Blink: RSA fingerprint - Blink versus ssh-keygen

I think we are not generating that correctly. I will change to resemble what OpenSSH does.

Thanks. Is there any other way to securely connect to a remote host without being able to verify the fingerprint?

I tried importing the host's public key from another terminal app that already has a verified connection to that host. However, it seems I cannot add public host keys to Blink (correct me if I am wrong).

My point is, I now have an €20 app on my phone that I cannot use due to this bug.

It seems to be the SHA1 fingerprint encoded in hex instead of base64, with some extra bytes at the end of the checksum. Either ssh-fingerprint cuts off the SHA1 fingerprint, or blink has trailing garbage behind the checksum.
You can check with echo '<sha1 checksum in base64> | base64 -D | hexdump. Get the checksum with ssh-fingerprint -E sha1 ..

IIRC I commented about that on hacker news when blink was announced. Weird to see something so important get low priority for a long time.

Btw. SHA1 is known as broken as of today, so blink should really report SHA256 and nothing else.

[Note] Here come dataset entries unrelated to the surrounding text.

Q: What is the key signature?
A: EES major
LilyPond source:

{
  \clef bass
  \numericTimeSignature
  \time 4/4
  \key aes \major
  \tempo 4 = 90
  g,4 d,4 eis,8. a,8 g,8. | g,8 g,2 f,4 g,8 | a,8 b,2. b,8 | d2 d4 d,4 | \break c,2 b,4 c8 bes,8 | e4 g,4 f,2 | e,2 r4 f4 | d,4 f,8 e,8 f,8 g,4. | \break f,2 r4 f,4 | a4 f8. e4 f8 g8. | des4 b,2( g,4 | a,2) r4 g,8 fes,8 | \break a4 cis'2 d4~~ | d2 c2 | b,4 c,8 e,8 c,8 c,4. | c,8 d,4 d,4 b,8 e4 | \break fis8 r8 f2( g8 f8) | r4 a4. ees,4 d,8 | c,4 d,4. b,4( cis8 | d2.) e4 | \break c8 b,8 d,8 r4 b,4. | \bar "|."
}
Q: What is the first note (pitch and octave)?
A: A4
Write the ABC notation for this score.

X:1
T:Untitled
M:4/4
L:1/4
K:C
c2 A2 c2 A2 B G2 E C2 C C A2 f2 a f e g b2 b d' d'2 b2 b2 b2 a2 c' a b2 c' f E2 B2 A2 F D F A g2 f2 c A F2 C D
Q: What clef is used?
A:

It is actually on the libssh2 side, we are just misconfiguring it. Will do this myself and push on next version, which should be out in the next days. Really sorry about the delay, I will be prioritising all the backend issues for the next weeks.

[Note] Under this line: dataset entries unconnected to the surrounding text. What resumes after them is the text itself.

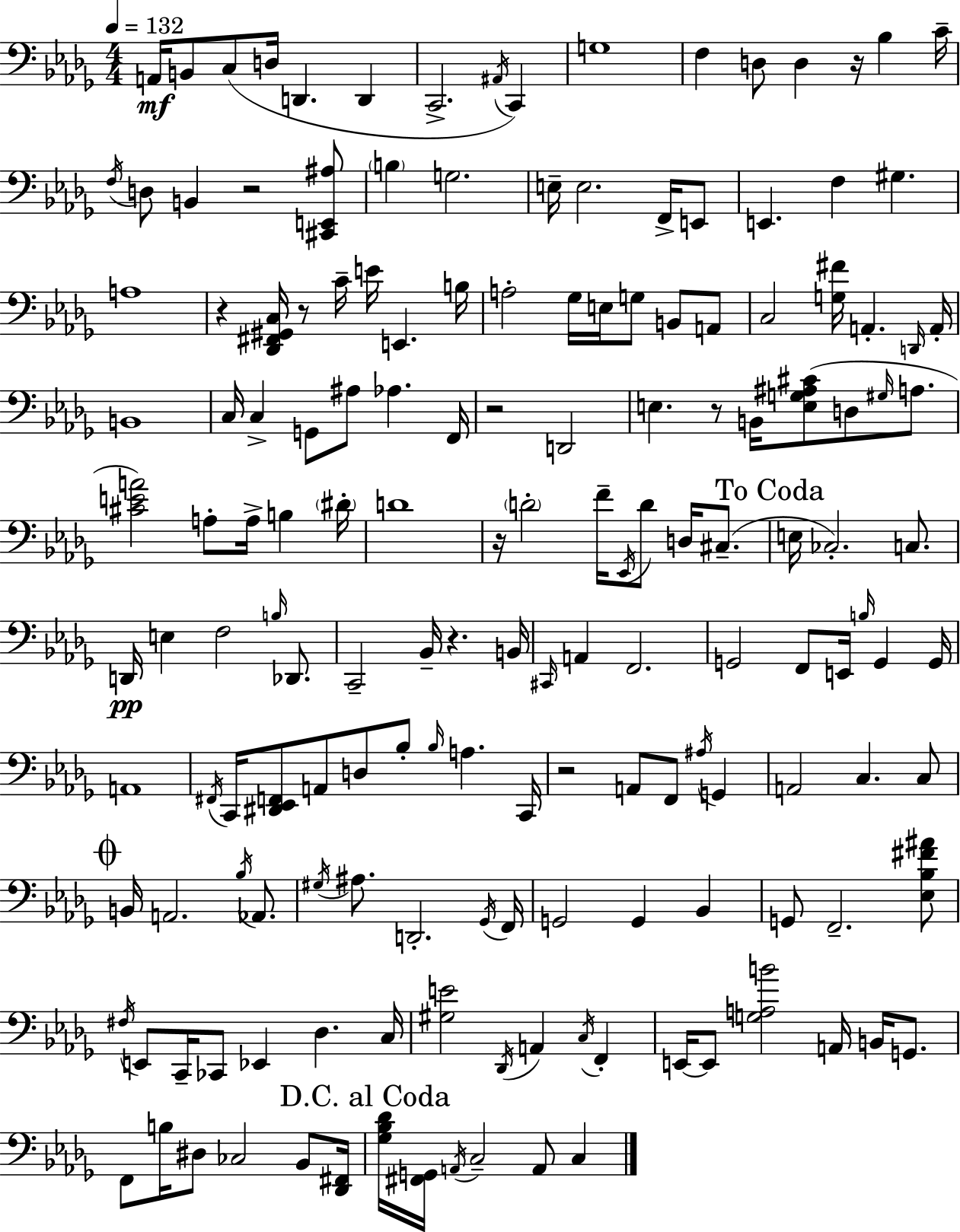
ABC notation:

X:1
T:Untitled
M:4/4
L:1/4
K:Bbm
A,,/4 B,,/2 C,/2 D,/4 D,, D,, C,,2 ^A,,/4 C,, G,4 F, D,/2 D, z/4 _B, C/4 F,/4 D,/2 B,, z2 [^C,,E,,^A,]/2 B, G,2 E,/4 E,2 F,,/4 E,,/2 E,, F, ^G, A,4 z [_D,,^F,,^G,,C,]/4 z/2 C/4 E/4 E,, B,/4 A,2 _G,/4 E,/4 G,/2 B,,/2 A,,/2 C,2 [G,^F]/4 A,, D,,/4 A,,/4 B,,4 C,/4 C, G,,/2 ^A,/2 _A, F,,/4 z2 D,,2 E, z/2 B,,/4 [E,G,^A,^C]/2 D,/2 ^G,/4 A,/2 [^CEA]2 A,/2 A,/4 B, ^D/4 D4 z/4 D2 F/4 _E,,/4 D/2 D,/4 ^C,/2 E,/4 _C,2 C,/2 D,,/4 E, F,2 B,/4 _D,,/2 C,,2 _B,,/4 z B,,/4 ^C,,/4 A,, F,,2 G,,2 F,,/2 E,,/4 B,/4 G,, G,,/4 A,,4 ^F,,/4 C,,/4 [^D,,_E,,F,,]/2 A,,/2 D,/2 _B,/2 _B,/4 A, C,,/4 z2 A,,/2 F,,/2 ^A,/4 G,, A,,2 C, C,/2 B,,/4 A,,2 _B,/4 _A,,/2 ^G,/4 ^A,/2 D,,2 _G,,/4 F,,/4 G,,2 G,, _B,, G,,/2 F,,2 [_E,_B,^F^A]/2 ^F,/4 E,,/2 C,,/4 _C,,/2 _E,, _D, C,/4 [^G,E]2 _D,,/4 A,, C,/4 F,, E,,/4 E,,/2 [G,A,B]2 A,,/4 B,,/4 G,,/2 F,,/2 B,/4 ^D,/2 _C,2 _B,,/2 [_D,,^F,,]/4 [_G,_B,_D]/4 [^F,,G,,]/4 A,,/4 C,2 A,,/2 C,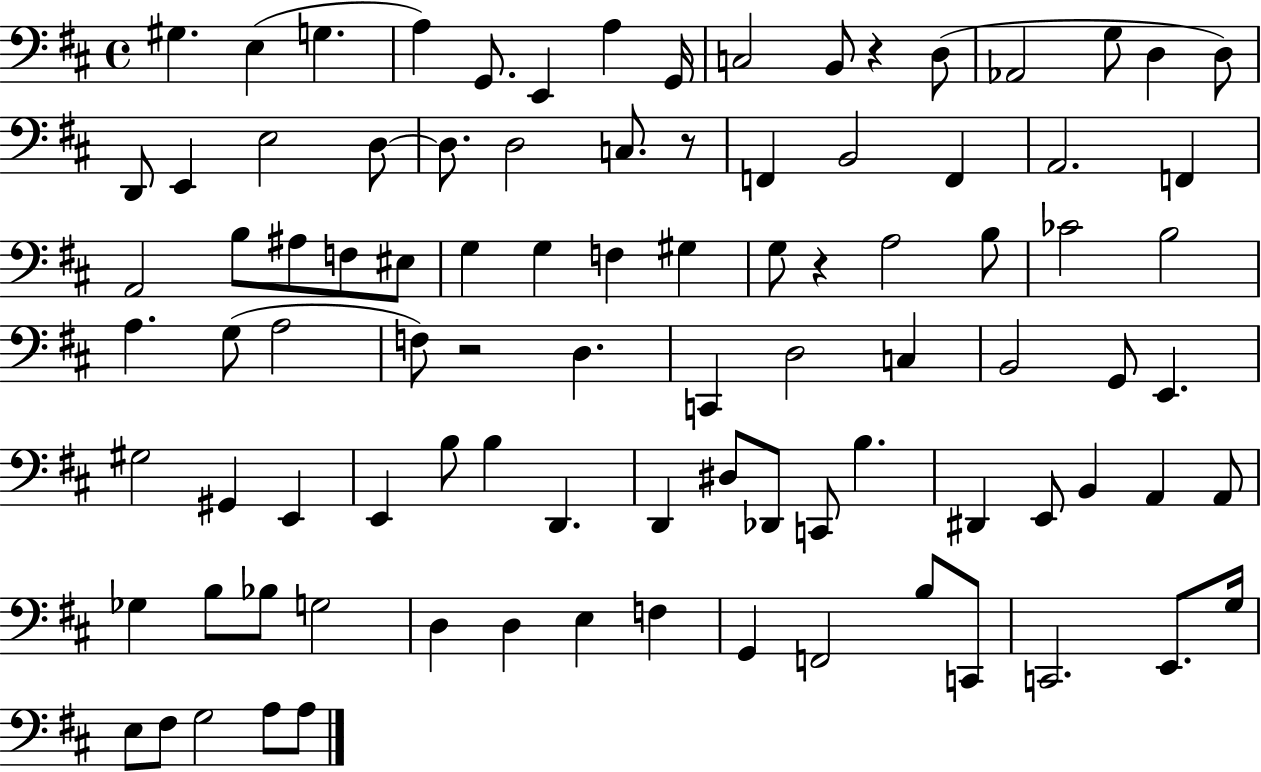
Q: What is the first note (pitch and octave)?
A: G#3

So taking into consideration that we are gonna start to prioritise all the backend things (tunnels, auth methods, etc...), two things for the time being:

• @cjay Following OpenSSH, we are creating the fingerprint by base64 encoding the SHA1 hash. I tried to add SHA256 as I though it might be easy given that libssh2 already supports HMAC hashes there, but turns out nothing is easy with it. We will probably add this when we support ECDSA keys. Let me know if you think a different approach might be better.
• @christophberger - I have added a new and secret option (-h) to disable host key checks while we figure out what is going on. Blink's Host Key check isn't very strict, and it should always ask you whether or not you wanna go ahead, even if the check failed. I would love to have more info on what you are seeing from your side (probably running with -v would also help). It might be that the key sent by the server isn't supported.

This will all be out as soon as Apple approves :)

@carloscabanero Here is a -v output (with fake host name and IP address):

blink> ssh -v my.host.com
SSHSession:DEBUG:Connecting to my.host.com [5a07:3g4:a4c:d3ea::4] port 22.
Connected to 5a07:3g4:a4c:d3ea::4
The authenticity of host my.host.com (5a07:3g4:a4c:d3ea::4) can't be established.
RSA key fingerprint is 8a4fc4620a5f258aa0285708ab28942b222904e2
Are you sure you want to continue connecting (yes/no)?no
Could not connect to host: Host key verification failed.
blink> 

As you closed this issue, shall I open a new one?

Sorry, I did not close it, github did when I pushed the new changes. The new version is already available for testers and awaiting Apple's approval. I added the new option -h there. Let me know if you would be interested on using the TestFlight version too :)

I'm still seeing this, I believe. I just downloaded v12.3.70 (Dec 4 2018) from the iOS App Store. This surprises me, since at https://github.com/blinksh/blink/blob/12-stable/Sessions/SSHSession.m#L812 , it looks like it's supposed to report in base64 format. I have no idea why I'm seeing this in hex still. Am I missing something here?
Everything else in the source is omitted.